Exercise materials:
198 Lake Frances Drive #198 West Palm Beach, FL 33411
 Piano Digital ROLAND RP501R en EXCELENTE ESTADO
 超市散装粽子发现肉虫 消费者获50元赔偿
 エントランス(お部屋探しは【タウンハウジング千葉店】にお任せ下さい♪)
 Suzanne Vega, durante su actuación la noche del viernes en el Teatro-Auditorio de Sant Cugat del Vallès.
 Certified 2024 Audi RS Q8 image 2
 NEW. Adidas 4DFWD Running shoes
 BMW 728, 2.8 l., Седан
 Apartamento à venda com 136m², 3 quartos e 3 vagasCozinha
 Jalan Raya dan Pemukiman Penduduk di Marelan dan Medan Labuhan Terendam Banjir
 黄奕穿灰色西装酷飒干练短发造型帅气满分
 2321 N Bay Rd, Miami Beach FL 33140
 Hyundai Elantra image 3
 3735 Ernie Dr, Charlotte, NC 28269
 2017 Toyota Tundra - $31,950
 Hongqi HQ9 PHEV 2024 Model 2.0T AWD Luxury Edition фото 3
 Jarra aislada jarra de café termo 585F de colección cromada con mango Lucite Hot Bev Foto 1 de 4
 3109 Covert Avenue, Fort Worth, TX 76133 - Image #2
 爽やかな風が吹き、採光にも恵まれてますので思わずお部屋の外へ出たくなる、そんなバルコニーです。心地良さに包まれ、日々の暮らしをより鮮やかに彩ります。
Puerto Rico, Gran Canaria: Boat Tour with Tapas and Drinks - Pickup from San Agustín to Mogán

Activity: Copy the entries above exactly, but only from the line holding "BMW 728, 2.8 l., Седан" through the line holding "爽やかな風が吹き、採光にも恵", both included.

Completed task:
 BMW 728, 2.8 l., Седан
 Apartamento à venda com 136m², 3 quartos e 3 vagasCozinha
 Jalan Raya dan Pemukiman Penduduk di Marelan dan Medan Labuhan Terendam Banjir
 黄奕穿灰色西装酷飒干练短发造型帅气满分
 2321 N Bay Rd, Miami Beach FL 33140
 Hyundai Elantra image 3
 3735 Ernie Dr, Charlotte, NC 28269
 2017 Toyota Tundra - $31,950
 Hongqi HQ9 PHEV 2024 Model 2.0T AWD Luxury Edition фото 3
 Jarra aislada jarra de café termo 585F de colección cromada con mango Lucite Hot Bev Foto 1 de 4
 3109 Covert Avenue, Fort Worth, TX 76133 - Image #2
 爽やかな風が吹き、採光にも恵まれてますので思わずお部屋の外へ出たくなる、そんなバルコニーです。心地良さに包まれ、日々の暮らしをより鮮やかに彩ります。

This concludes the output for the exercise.